The biggest issues with it as-is, are: 1) some heat loss. If you are going to super high performance, you will notice the difference. For a PGH, probably not. 2) There is some potential for warm, humid interior air to condense on top of the slab, under the threshold in winter. But in Utah, the air is pretty darn dry and in winter, the interiors are even drier. So unless you have some reason that the interior air will be particularly damp in winter, this is probably not an issue for you.
Condensation is not a problem in winter. My current home is slab on grade with no insulation for the concrete and it has no issues.
Would that 8” concrete lip break off of we did a 2” saw cut and used a can of spray foam in the 2” gap we cut?
Matt,
Is this a garage?
No, it is a walkout basement. I just added a photo that shows what it was like before we added the slab. I want to fix it but maybe it is more headache than it is worth. My contractor has not got back to me with his perspective yet. I suspect he will recommend letting it go.
Matt,
I was just confused because it is rare to see a slab extending out between the stem-walls. If you decide to fix it, it's probably easier to remove that chunk of slab (saw cut or just jack hammer), continue the insulation, then re-pour the sill with several anchor bolts to keep it in place. It may well be more of a headache than it is worth to do.

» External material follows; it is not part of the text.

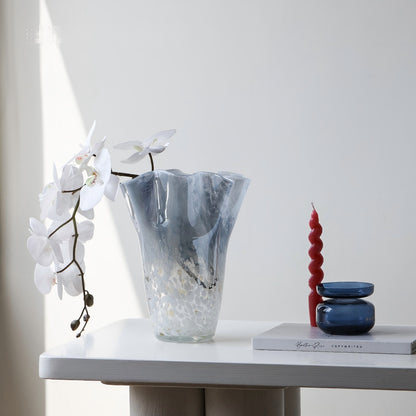 Elegante Glasvase Brehn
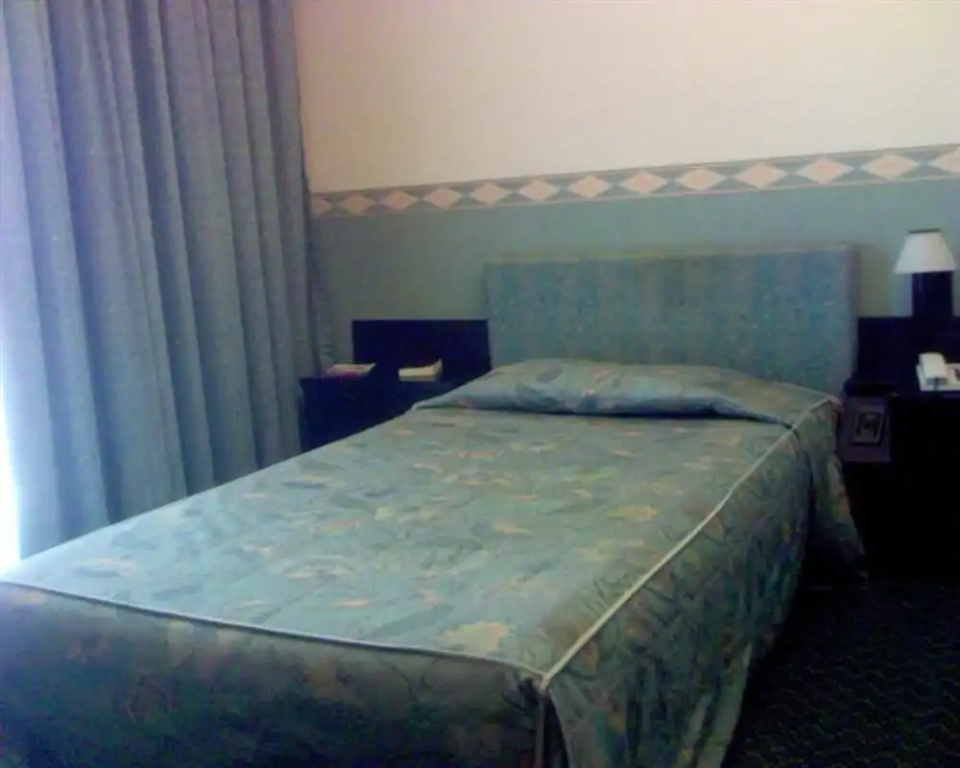 Pacific Hotel Airport - Chambres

Thanks for the reply. There is about 200 linear ft of basement wall and this 4ft represents 2% of my wall missing insulation. I will have to see if the contractor has any ideas.
Malcolm,
I'm sure this is obvious, but not being very familiar with slab on grade foundations , how would this usually be done for houses with SOG with stem walls? Slab poured even to the top of the stem wall?
And why is it done differently for garages? Just to keep the garage slab close to grade for vehicle entry? (I ask partly because I wonder if building a gravel/paved ramp up into the garage wouldn't oftentimes be better than having a low slab in relation to grade. To better protect against water intrusion and flooding.)
maine-tyler,
There area few variations, mainly different ways to deal with the joint between the stem-walls and slab, but yes, they are almost invariably the same height.
https://www.greenbuildingadvisor.com/article/insulating-raised-slab
I agree: the way slabs on garages are dealt with at the doors is ripe for a re-think. They are very difficult to insulate, and the transition between the usual 6" to 8" space between the top of the stem walls to grade, and the flush entry slab, is pretty awkward. I hope someone re-imagines it.
Malcolm, do you have any pics you can share? This article is locked.
lance p,
Malcolm, do you have any pics to share?
Tyler, garage slabs extend to the exterior so there is not a vertical joint in the floor which would trap water and debris, and direct water under the slab. It's also hard to get the top of a concrete wall nearly as smooth or uniform as when troweling a monolithic floor slab. It takes extra effort to form the opening for a slab that extends to the exterior; it's faster and cheaper to pour the slab more or less flush with the top of wall. Since it's extra work anyway, I like to make the slab edge thick at the door; 8-12" vs. 4-5" for the rest of the slab. It's stronger and you can connect the slab to the wall with rebar so frost doesn't separate them.
I agree with Malcolm that this is an area that needs improvement. I have thought about it a lot, with no great solutions other than to not heat garages, which seems to be a losing battle. Any solution would have to include re-thinking the overhead door system as well.